### Activity
From the first line to the last, return the material exactly.

### Collected data
○ ○ ○

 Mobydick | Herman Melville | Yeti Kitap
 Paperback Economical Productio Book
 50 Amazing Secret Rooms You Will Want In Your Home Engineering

○ ○ ○

### Answer section
 Mobydick | Herman Melville | Yeti Kitap
 Paperback Economical Productio Book
 50 Amazing Secret Rooms You Will Want In Your Home Engineering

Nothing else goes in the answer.